▸ WHAT NEEDS TO BE DONE:
From the line that holds "Original Inventory Everest" to the end of the records, reproduce every line exactly. No pictures.

▸ DATA PROVIDED:
──────────
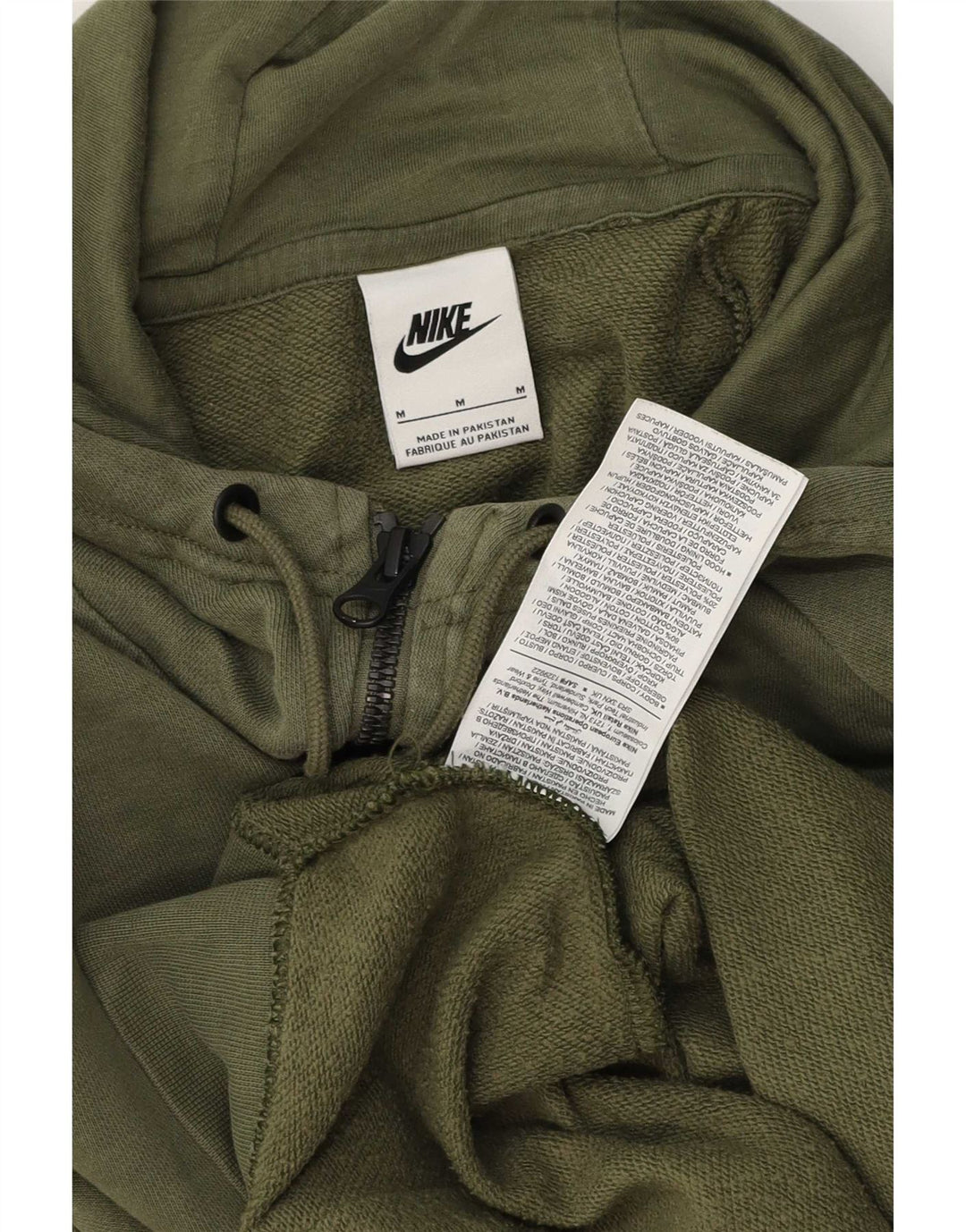 Pulover Nike pentru bărbați, cu fermoar, bumbac verde mediu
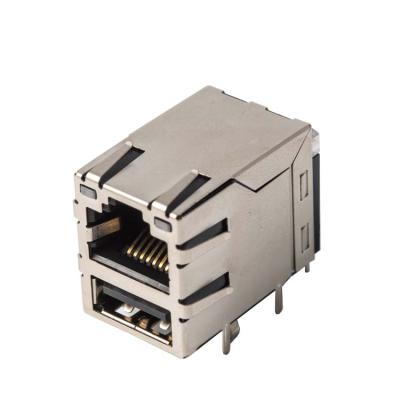 China pcb usb double stack connector with rj45 connector, types usb rj45 connector diagram for sale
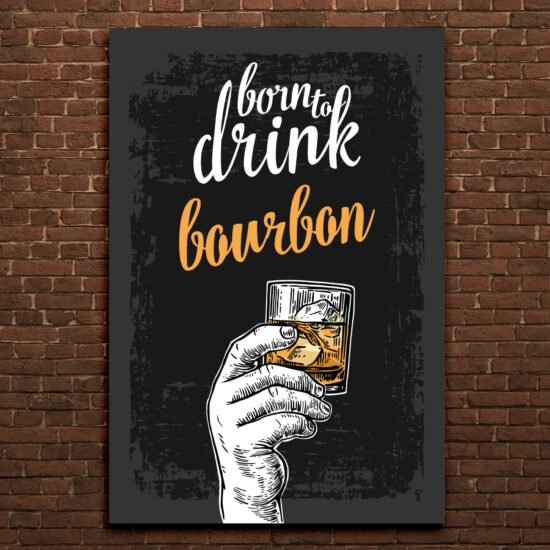 Placa Decorativa MDF Frase Bebida Bourbon 30x40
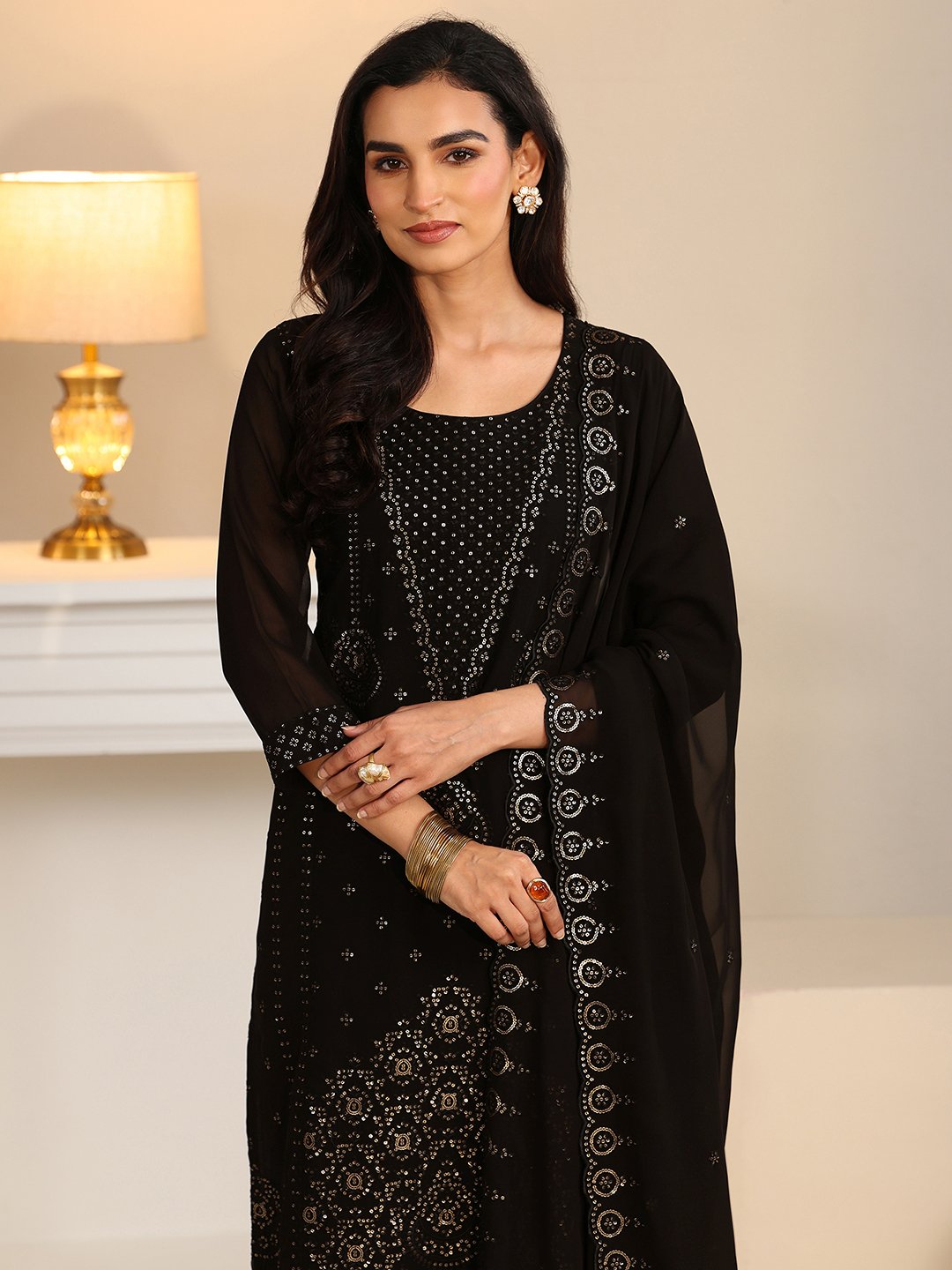 Black Embroidered Georgette Straight Kurta With Trouser And Dupatta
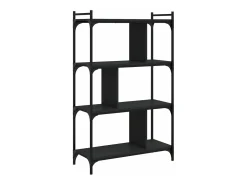 Librería de 4 estantes madera de ingeniería negra 76x32x123 cm
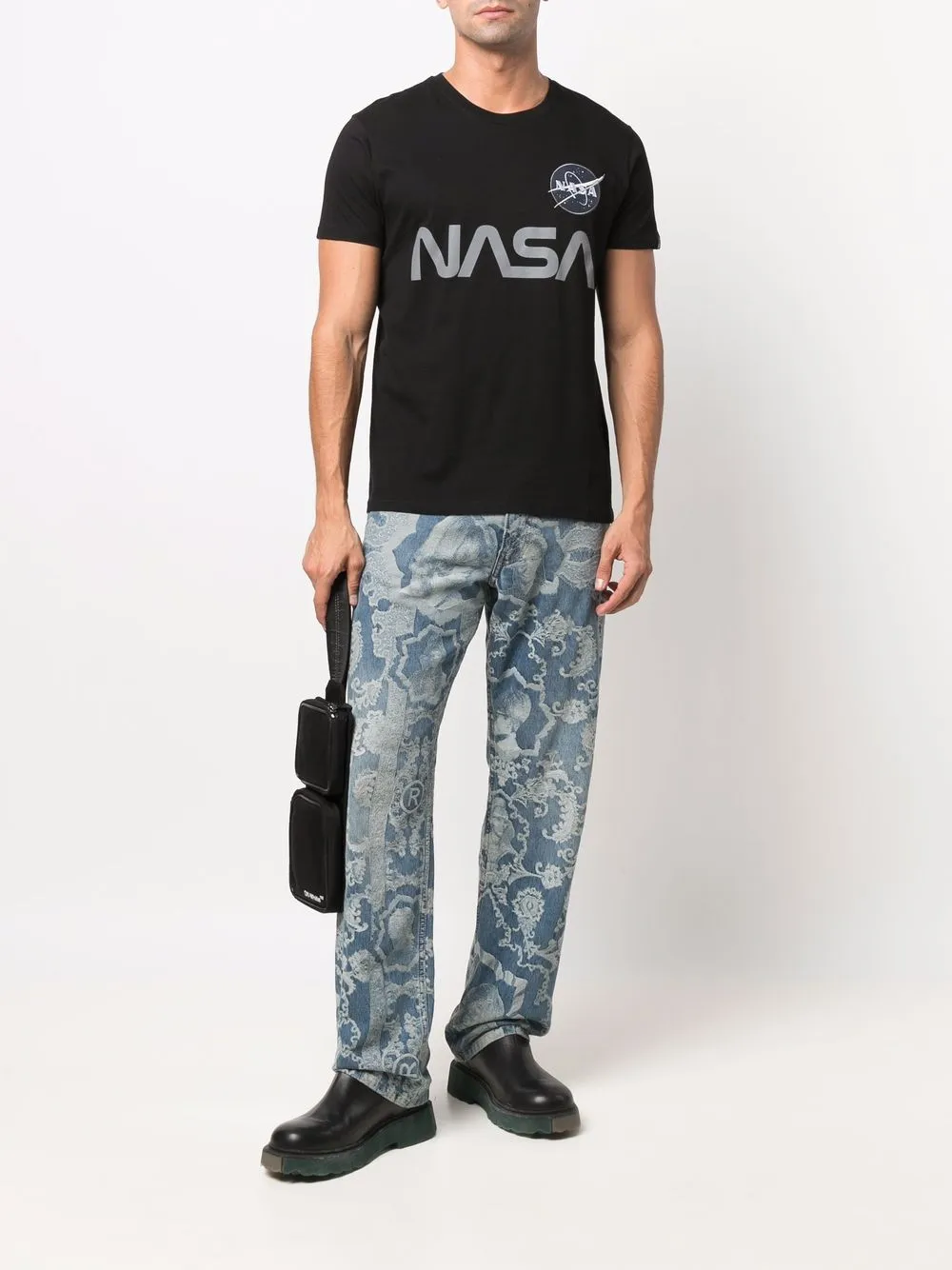 фото Alpha industries футболка со светоотражающим логотипом из коллаборации с nasa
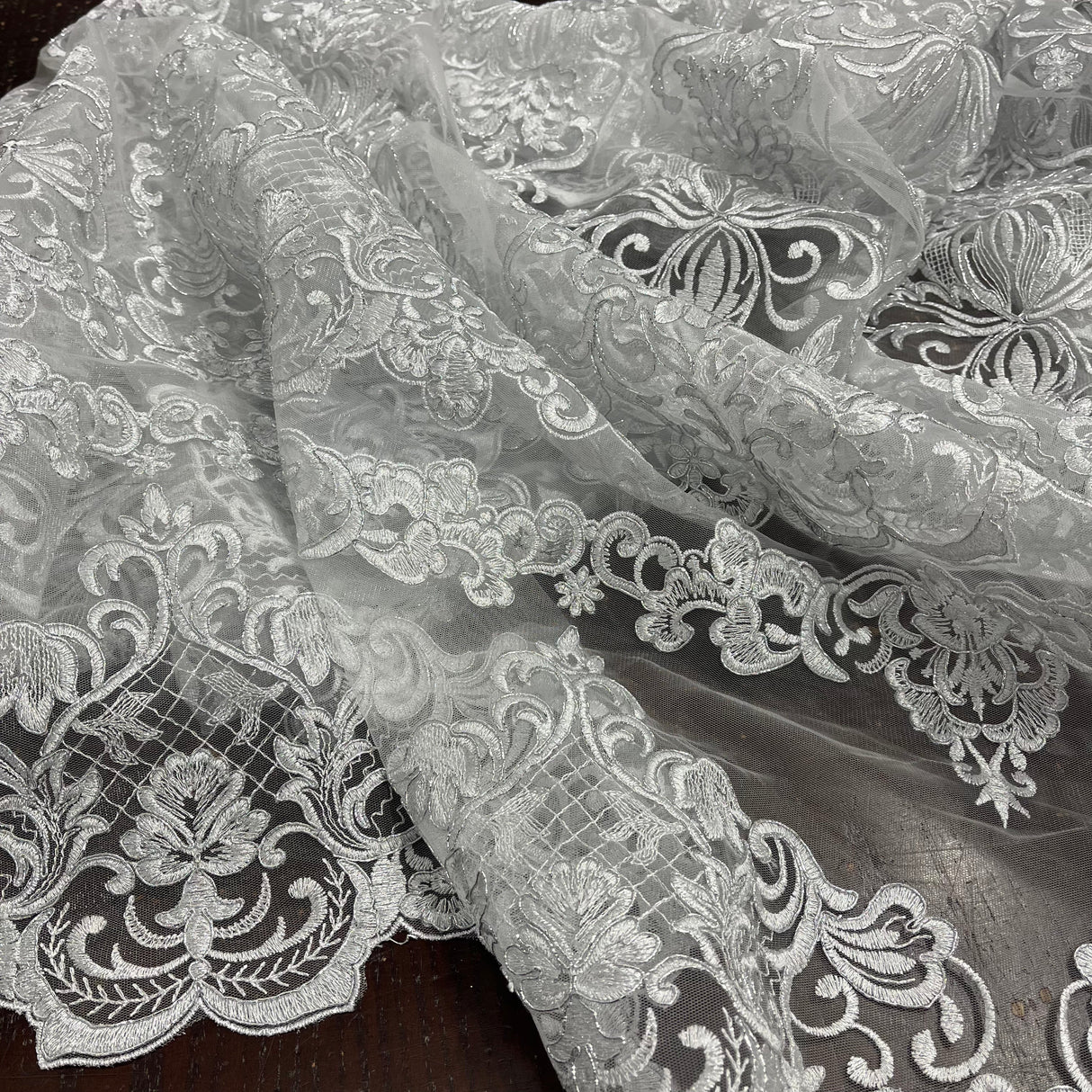 Polyester Corded Bridal Lace Fabric 53" Wide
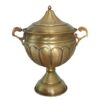 Handcrafted Persian Brass Sugar Bowl with Lid - Traditional Hammered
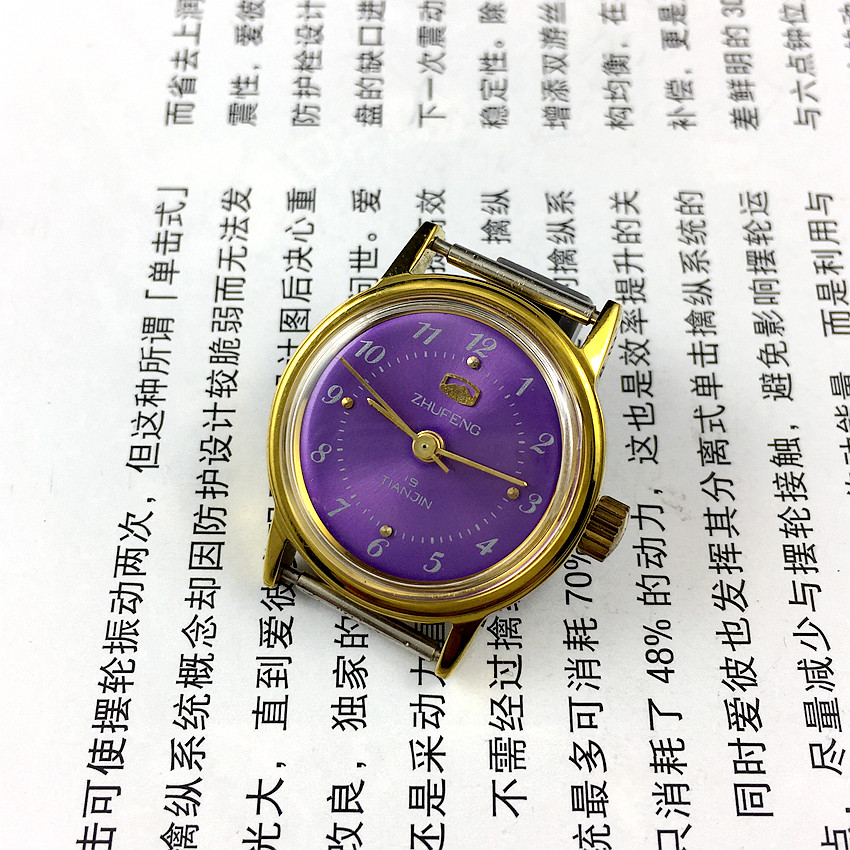 Original Inventory Everest Brand Gold Case Purple Digital Dial Manual Mechanical Women's Watch Free Strap 1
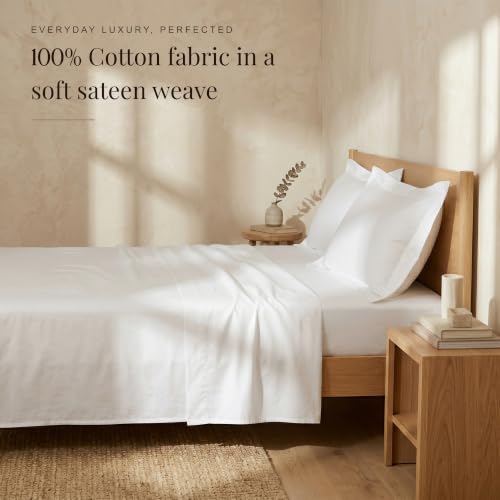 Image of Huesland Premium 100% Pure Cotton Luxe Soft Touch 300 Thread Count Bedsheet for Double Bed King Size with 2 Pillow Covers | White | 108 x 108 inches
──────────
▸ RESULT OF THE TASK:
 Original Inventory Everest Brand Gold Case Purple Digital Dial Manual Mechanical Women's Watch Free Strap 1
 Image of Huesland Premium 100% Pure Cotton Luxe Soft Touch 300 Thread Count Bedsheet for Double Bed King Size with 2 Pillow Covers | White | 108 x 108 inches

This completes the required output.